Tomasi di Lampedusa, Giuseppe.



Cuarto fin de semana de agosto. He terminado la (re)lectura de El Gatopardo, de Giuseppe Tomasi di Lampedusa, en la nueva edición revisada de Anagrama. 
Y además, hoy aparece una columna sobre el autor siciliano en El país.¿Habrá sido una señal o mera casualidad? Por si acaso, y en un juego de correspondencia con Manuel Vicent, me dispongo a escribir sobre la lectura.

Ha resultado una experiencia difícil de explicar puesto que me he dejado llevar y he recalado en la impronta del estilo literario; el estilo como generador de realidad, como aquello que infunde vida a cada página. La novela narra (en ocho partes) la historia del príncipe de Salina, don Fabrizio Corbera y su familia, entre los años 1860 y 1910, cuando una serie de acontecimientos (de ámbito privado y público) dejan huella en los protagonistas. Más allá de su importancia como testimonio literario de un cambio en el orden social, de la decadencia de la aristocracia terrateniente y el ascenso de una nueva clase representada por el joven Tancredi; más allá de reflejar a la perfección un ambiente, una atmósfera... Más allá de todo eso, he descubierto en El Gatopardo un libro iluminador. Y no me refiero solamente al estilo, (sensual, melancólico, terso,..) sino además, al uso de la voz narrativa. 

   Aparece una voz en tercera persona que discurre por encima de los diálogos y pensamientos de los personajes. Los diálogos van intercalados en el fluido discurso de la voz narrativa; una voz cálida, y a la vez irónica en ocasiones; melancólica, casi siempre. Es capaz de expresar el malestar, el dolor o la pérdida, o la conciencia de muerte,...Para ello, el narrador recurre de manera natural a los silencios, al dominio de la elipsis, a la asociación de elementos aparentemente dispersos que permiten al lector la captación de otros significados. 

   El pasaje que cierra la cuarta parte de la novela contiene una larga digresión de don Fabrizio sobre “las fuerzas que han configurado el alma siciliana”: la violencia del paisaje, la crueldad del clima, las dominaciones extranjeras,... El interlocutor es Chevalley, secretario de la prefectura que ha llegado a palacio con la misión de ofrecer al príncipe el nombramiento de senador. Don Fabrizio le pide que transmita su agradecimiento pero no lo acepta. 

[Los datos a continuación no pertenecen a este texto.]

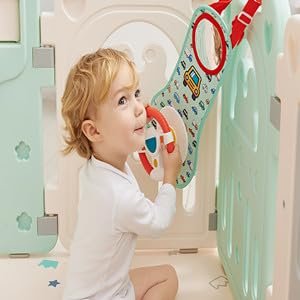 Soofam Baby Car Seat Toys for Infants with Mirror, Carseat Toys Steering Wheel with Music Lights and Driving Sounds, Travel Car Seat Toy for Infants Babies 6 to 12 Months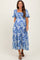 woman wearing a blue floral maternity dress with puff sleeves and a gathered bodice, highlighting her baby bump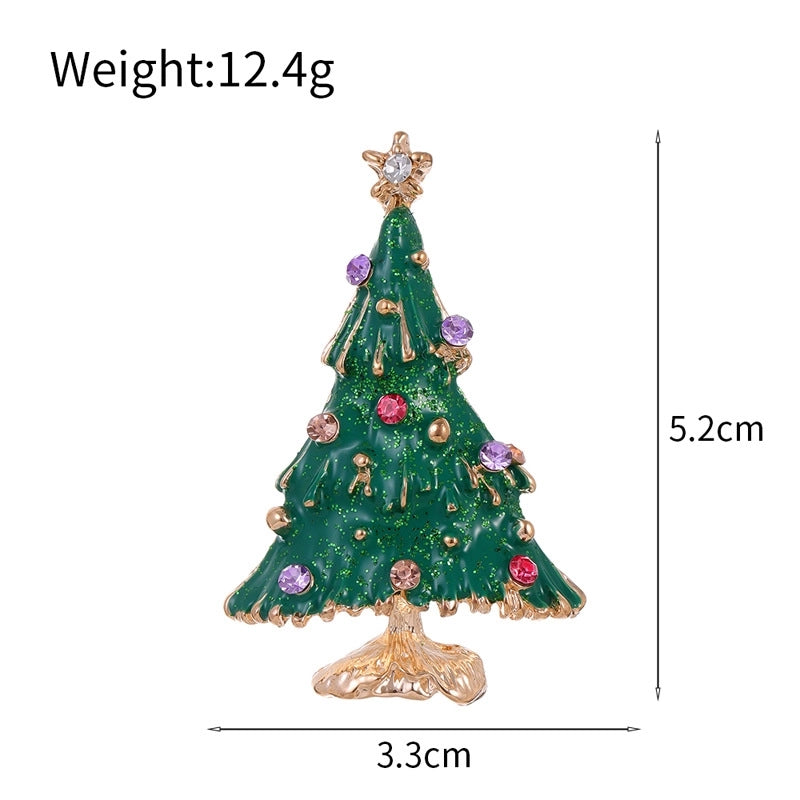 Cute Pin Christmas Tree Wreath Zinc Alloy Enamel Plating Inlay Rhinestones Unisex Brooches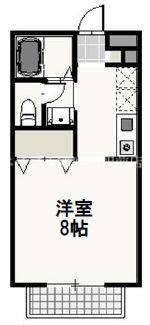 ベール花尻A棟(1K/1階)の間取り写真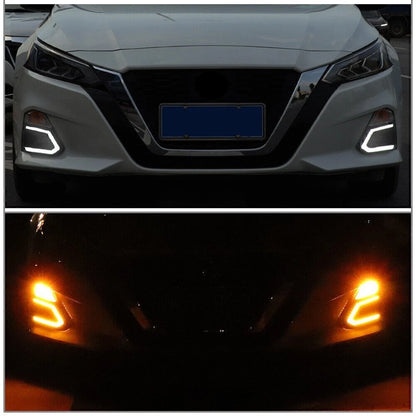 2X LED Daytime Running Lights DRL Amber White for Nissan Altima (2019–2020)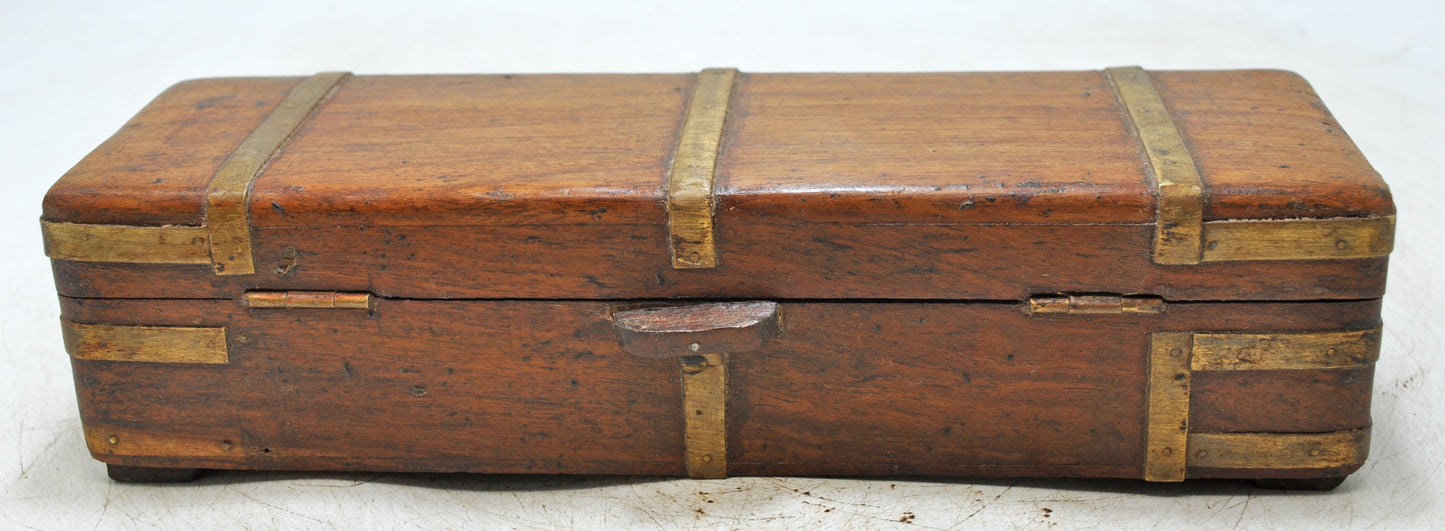 Vintage Wooden Pencil Stationary Box Original Old Hand Crafted Brass Fitted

Pertenezco a una generación infeliz, a caballo entre los viejos tiempos y los nuevos, que no se encuentra a gusto en estos ni en aquellos. Además, como ya habrá advertido usted, no tengo ilusiones; ¿qué haría conmigo el Senado, con un legislador inexperto e incapaz de engañarse a sí mismo, facultad imprescindible para cualquiera que se proponga guiar a los demás? “

El último párrafo de la cuarta parte contiene una pirueta metafórica: la voz que narra consigue transmutar una simple acción la partida de Chevalley en diligencia, en literatura:

“Estaba amaneciendo; la poca luz que conseguía atravesar la espesa capa de nubes tropezaba luego con la suciedad inmemorial de la ventanilla. Chevalley estaba solo; entre golpes y tumbos se humedeció con saliva la punta del índice y limpió en el cristal un círculo del tamaño de un ojo. Miró: ante él, bamboleándose bajo la luz cenicienta, se abría el paisaje irredimible.”

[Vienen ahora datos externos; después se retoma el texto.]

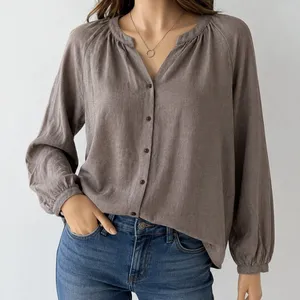 Uniqlo‎ Womens Blouse Brown Taupe Gathered V-Neck Long Sleeve Small thumbnail 1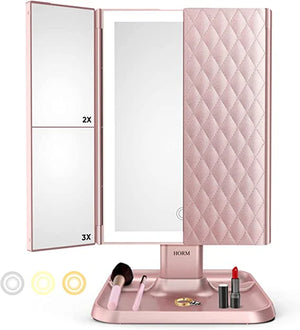 GlamView – Elegant LED Trifold Makeup Mirror
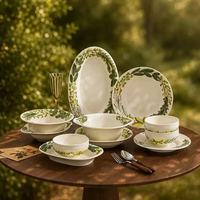 Service de table en céramique de la série Vine, design européen simple et luxueux, motif de feuilles vertes sur glaçure, pour un usage quotidien à la maison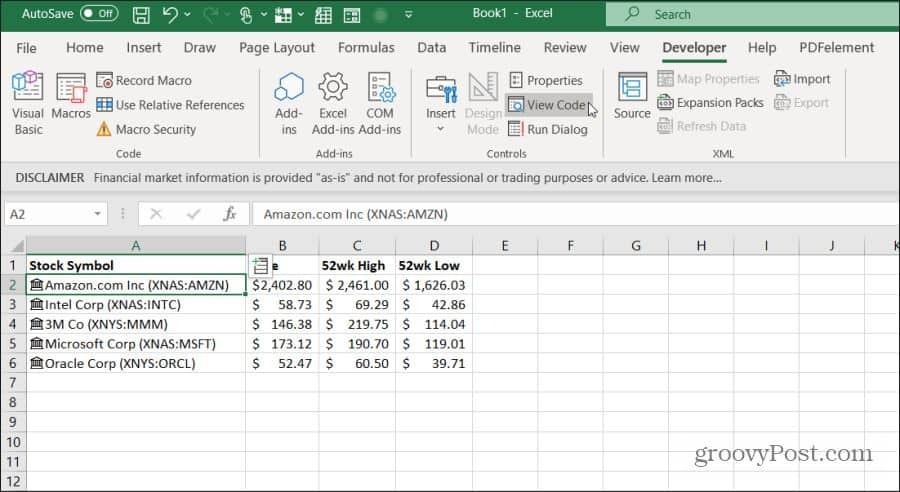 δείτε τον κωδικό vba στο excel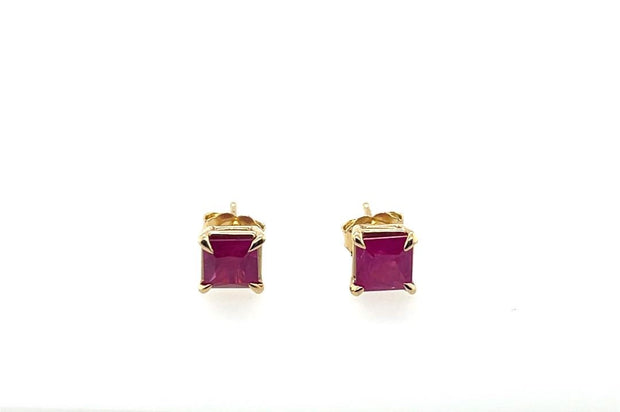 14K Yellow Gold Princess Ruby Stud Earrings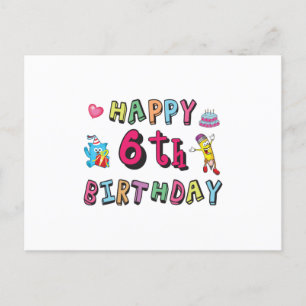 Postal Feliz cumpleaños 6 Cumpleaños sorpresa para un niñ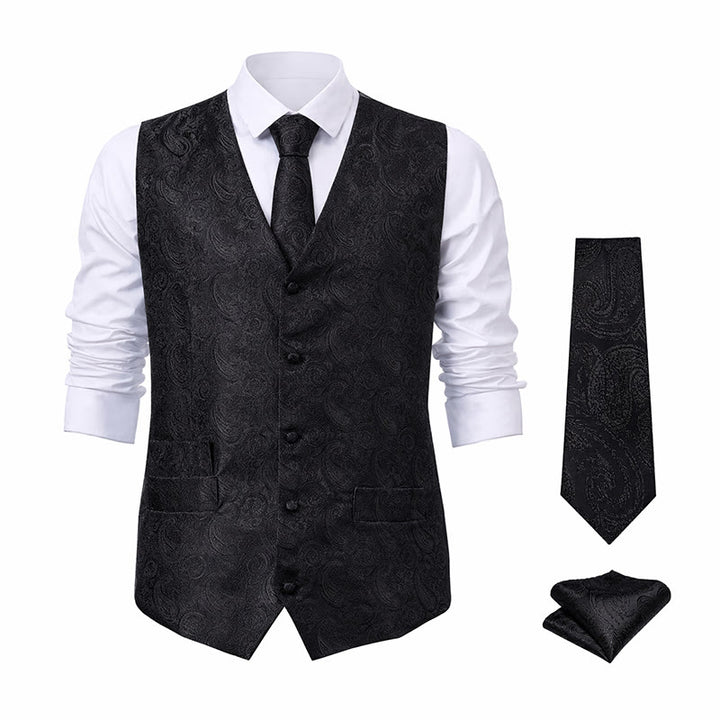 Men's Paisley Jacquard Waistcoat 3 Piece Set Suit Vest - image 19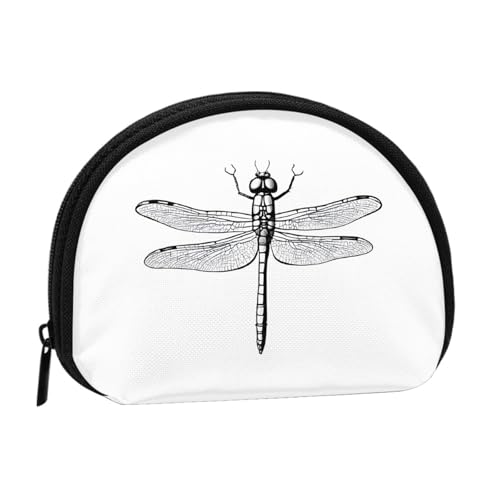 Tragbare Mini-Aufbewahrungstasche mit Libellen-Druck, Muschelform, kleine Münzgeldbörse, Muschel-Aufbewahrungstasche von ESNAIUVCD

Una muestra más de la voluntad de dejar constancia de la voz narrativa, (de dejarse ver escrita), la tenemos en que este narrador es también un narrador osado, que se atreve con varias referencias al futuro; esto es, nos anuncia hechos y acontecimientos que tendrán lugar muchos años después, y además puede llegar a mostrarse irónico en su subjetividad. Así, cuando don Fabrizio contempla el techo del salón de baile (Sexta parte. Noviembre, 1862):

“En el techo, los dioses, reclinados en sus dorados sitiales, contemplaban la escena, sonrientes e implacables como el cielo de verano. Se creían eternos: en 1943 una bomba fabricada en Pittsburgh, Pensilvania, se encargaría de demostrarles lo contrario.”

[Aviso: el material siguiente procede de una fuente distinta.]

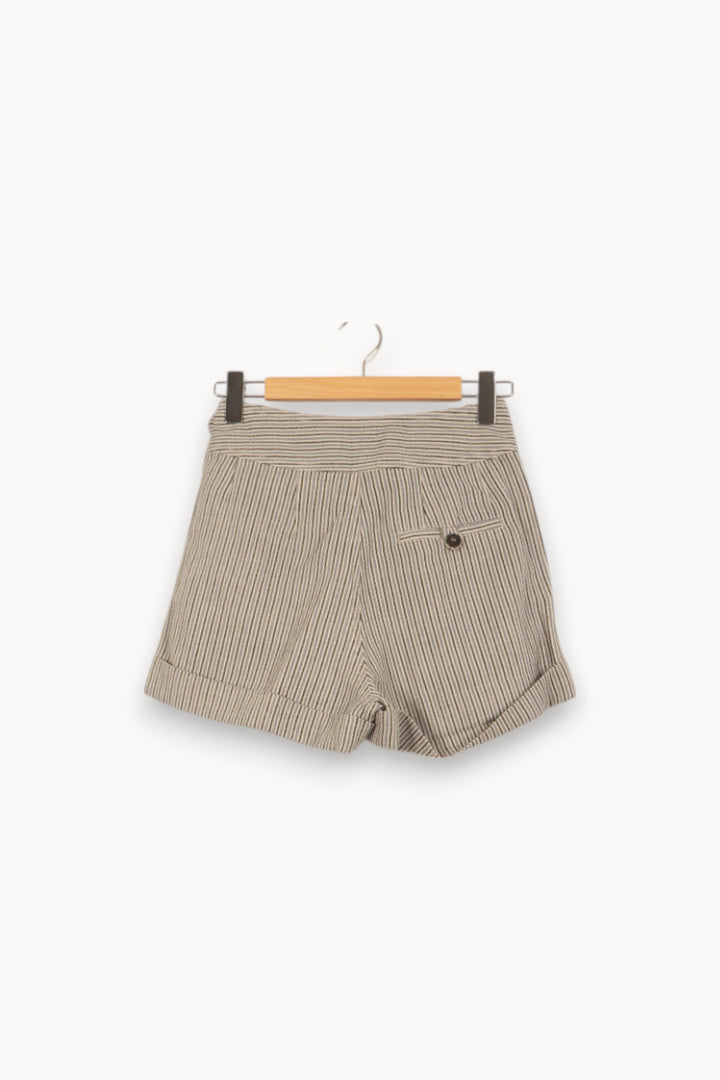 Short Rayé Beige et Noir - Taille S/36 de la marque Vanessa Bruno | PARAD45107 - Vendu par Paradigme - Image 4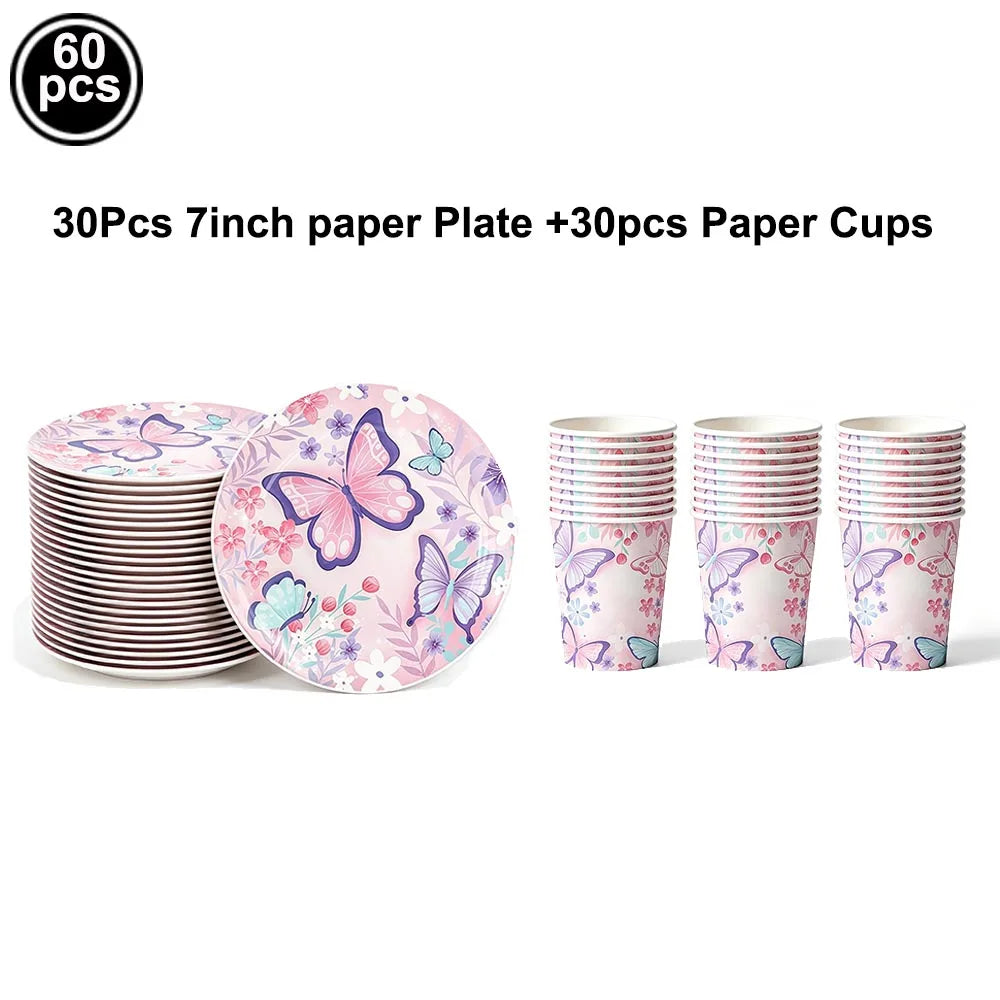Butterfly Party Supplies Disposable Tableware Set for Birthday & Baby Shower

Los párrafos finales de la novela sitúa la acción en 1910, casi treinta años después de la muerte del príncipe don Fabrizio, en el momento en que su hija Concetta se dispone a ordenar que lleven al basurero el cadáver disecado del perro Bendicò,el alano compañero de su padre desde la primera página. Se trata de una nueva metáfora de situación; un suceso paralelo aparentemente casual, pero cargado de referencias que añaden significados y trascienden en literatura.


Mientras se llevaban a rastras el guiñapo, los ojos de vidrio la miraron con la humilde expresión de reproche que aflora en las cosas a punto de ser eliminadas, anuladas. Unos minutos después, lo que quedaba de Bendicò fue arrojado en el rincón del patio que el basurero visitaba cada día: mientras caía desde la ventana, recobró por un instante su forma: hubiera podido verse danzar en el aire a un cuadrúpedo de largos bigotes, que con la pata anterior derecha levantada parecía imprecar. Luego todo se apaciguó en un momento de polvo lívido.”